In April, the U.S. Supreme Court made one of those decisions that continues to demonstrate that a majority of the currently sitting justices are pinheads. What makes this decision even more bizarre is that it seriously damages a significant provision of federal gun control law--and I am not happy about this.

At first glance, the decision Small v. U.S.(2005)  sounds quite reasonable. A provision of the Gun Control Act of 1968 prohibits convicted felons from possessing guns. In particular, the statute makes it unlawful for any person "convicted in any court of, a crime punishable by imprisonment for a term exceeding one year" to own a gun. In this case,  the Court ruled that this law does not apply to persons convicted of felonies in other countries.

Well, okay, other countries have different laws. As the majority opinion pointed out, buying and selling goods to make a profit was a felony in the Soviet Union. Cuba made it a felony to distribute or produce "propaganda that incites against the social order, international solidarity, or the Communist State." 1 If you hid Jews from the Nazis, you committed a felony. 
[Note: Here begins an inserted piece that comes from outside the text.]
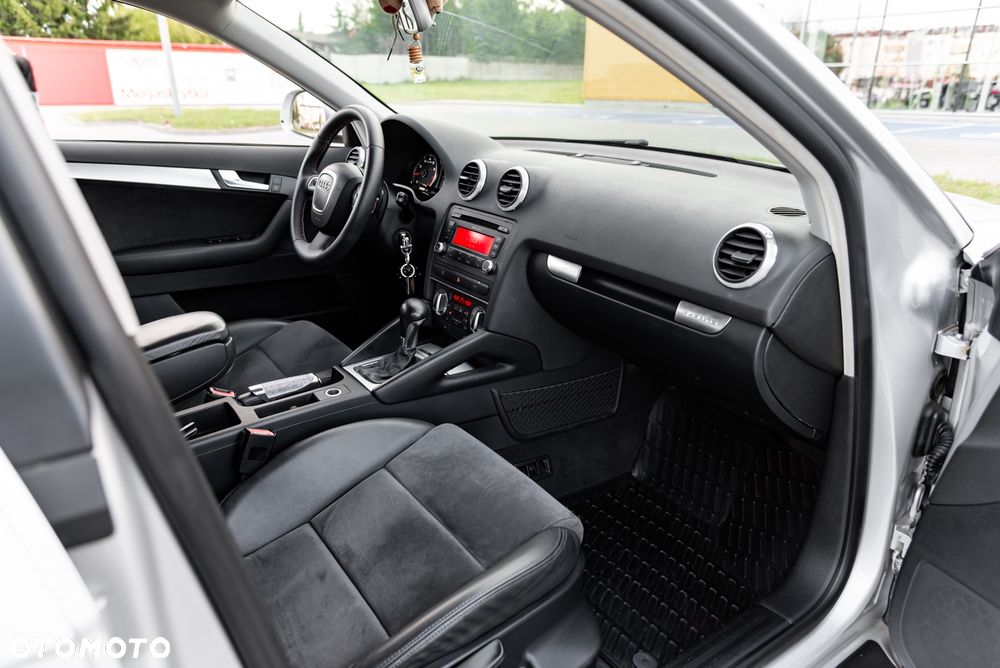 Audi A3 Sportback 2.0 TFSI Quattro Ambition S tronic - 25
Even if the crime for which you were convicted over there was still a felony here, not all countries have criminal justice systems that work as accurately and fairly as ours. In many European nations, you can be convicted with less evidence than our legal system requires, and some foreign courts ignore clear evidence of torture. Our courts require proof beyond a reasonable doubt; not so under the Napoleonic Code legal systems common in Western Europe. I am sure that there are people who have been convicted of felonies in foreign courts that no one except a gun control advocate would want disarmed.

Again, at first glance, the defendant in this case, Gary Sherwood Small, sounds like a sympathetic character. Japanese courts convicted the defendant of smuggling guns to the Japanese island of Okinawa. This was not an oversight, caused by leaving a gun in his suitcase. Small shipped three water heaters from the United States to Okinawa in the course of a year, as gifts. "Thinking it unusual for a person to ship a water tank from overseas as a present, ... Japanese customs officials searched the heater and discovered 2 rifles, 8 semiautomatic pistols, and 410 rounds of ammunition..."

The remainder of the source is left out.